Gericht: Oberlandesgericht Hamm
Urteil verkündet am 14.06.2000
Aktenzeichen: 3 U 244/99
Rechtsgebiete: BGB, ZPO


Vorschriften:

BGB § 847
BGB § 823
ZPO § 539
ZPO § 540
ZPO § 91 Abs. 1
ZPO § 708 Nr. 10
ZPO § 713
Indikation für die Gebärmutterentfernung (Hysterektomie)

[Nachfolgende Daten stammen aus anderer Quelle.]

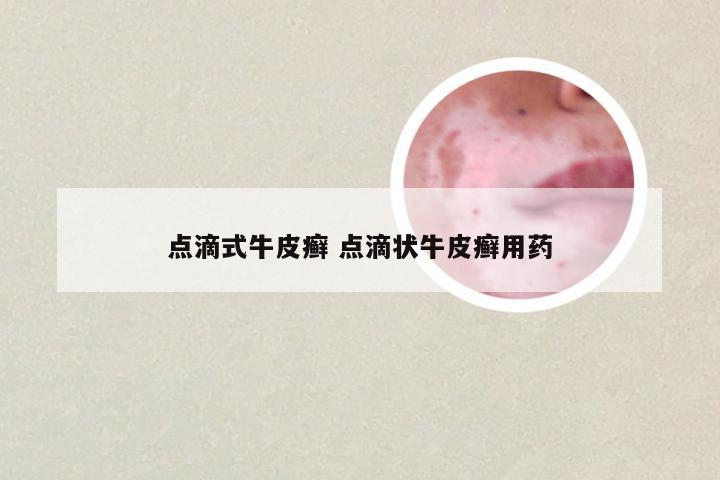点滴式牛皮癣 点滴状牛皮癣用药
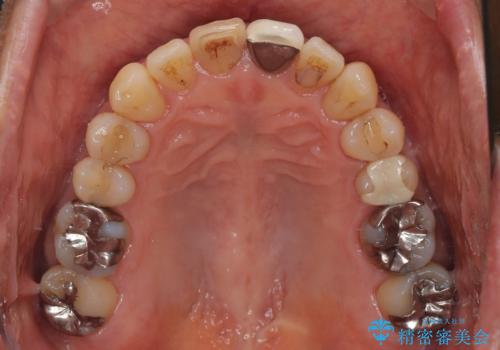 色のバランスの悪い前歯　オールセラミッククラウンで自然な口元にの治療前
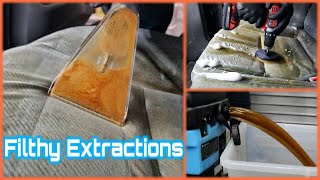 Simply EXTRACTIONS | FILTHY Deep Cleaning Compilation Ep1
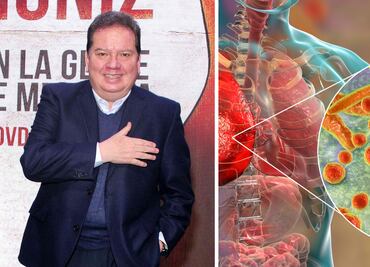 ¿Cuáles son los síntomas de la bronconeumonía, enfermedad que hospitalizó a Coque Muñiz?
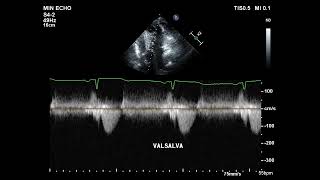 LVOT obstructionfalse amp true [upl. by Nautna]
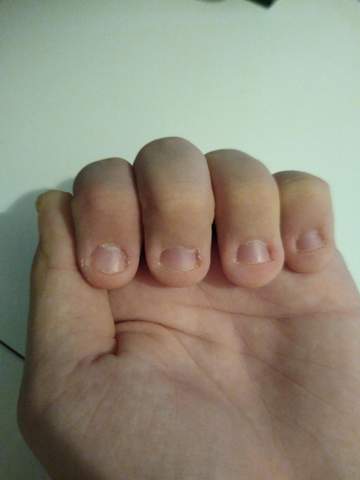 ich habe abgekaute nagel wie kann sie schon wachsen lassen nagelkauen 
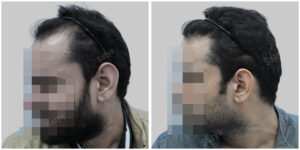 fue hair transplant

Vor Durchführung einer vaginalen Hysterektomie sind andere in Betracht kommenden Ursachen der klinischen Beschwerden im gebotenen Umfang abzuklären. Eine sofortige vaginale Hysterektomie darf allenfalls dann vorgenommen werden, wenn die Patientin eingehend über diese Verfahrensweise und dem Verzicht auf eine Abrasio (Ausschabung) aufgeklärt worden ist.


OBERLANDESGERICHT HAMM IM NAMEN DES VOLKES URTEIL

3 U 244/99 OLG Hamm 1 O 54/98 LG Arnsberg

Verkündet am 14. Juni 2000

als Urkundsbeamter der Geschäftsstelle des Oberlandesgerichts

In dem Rechtsstreit

hat der 3. Zivilsenat des Oberlandesgerichts Hamm auf die mündliche Verhandlung vom 14. Juni 2000 durch den Vorsitzenden

für Recht erkannt:

Tenor:

Auf die Berufung der Klägerin wird das am 05. November 1999 verkündete Urteil des Einzelrichters der 1. Zivilkammer des Landgerichts Arnsberg abgeändert.

Der Beklagte wird verurteilt, an die Klägerin ein Schmerzensgeld von 20.000,00 DM nebst 4 % Zinsen seit dem 07. Juni 1997 zu zahlen.

Es wird festgestellt, daß der Beklagte verpflichtet ist, der Klägerin jeden materiellen und weiteren immateriellen Schaden zu ersetzen, der ihr aus der Entfernung der Gebärmutter entstanden ist und noch entsteht, den materiellen Schaden jedoch nur vorbehaltlich eines Anspruchsübergangs auf Dritte.

Der Beklagte trägt die Kosten des Rechtsstreits.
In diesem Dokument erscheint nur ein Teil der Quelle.